For the most part, the judges have ignored the big names.

Hilary Mantel
Hilary Mantel celebrates her Man Booker Prize win in 2009. Will she win again? (Getty Images)

Man Booker Prize judges take a vow of secrecy upon initiation, so when I bumped in to one of this year's judges a couple of weeks ago, all he could tell me was that he and his colleagues had settled on what he was confident I'd think was a "very interesting" longlist. That longlist - the "Man Booker Dozen" - has just been announced, and very interesting it is too.

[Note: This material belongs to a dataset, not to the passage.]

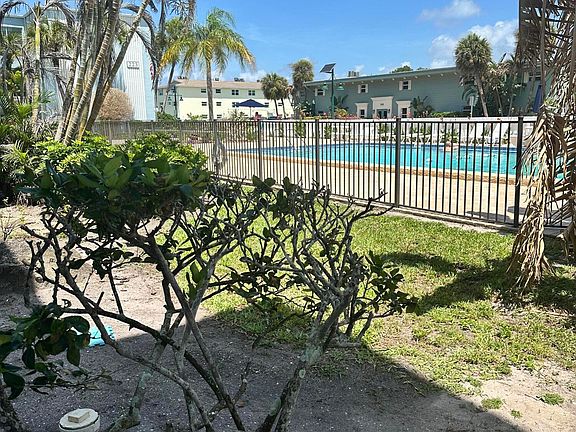 4th image of 221 Columbia Dr APT 142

Here are the 12 books chosen by Sir Peter Stothard (chair), Dinah Birch, Amanda Foreman, Dan Stevens and Bharat Tandon.

Nicola Barker, The Yips (Fourth Estate)
Ned Beauman, The Teleportation Accident (Sceptre)
André Brink, Philida (Harvill Secker)
Tan Twan Eng, The Garden of Evening Mists (Myrmidon Books)
Michael Frayn, Skios (Faber & Faber)
Rachel Joyce, The Unlikely Pilgrimage of Harold Fry (Doubleday)
Deborah Levy, Swimming Home (And Other Stories)
Hilary Mantel, Bring up the Bodies (Fourth Estate)
Alison Moore, The Lighthouse (Salt)
Will Self, Umbrella (Bloomsbury)
Jeet Thayil, Narcopolis (Faber & Faber)
Sam Thompson, Communion Town (Fourth Estate)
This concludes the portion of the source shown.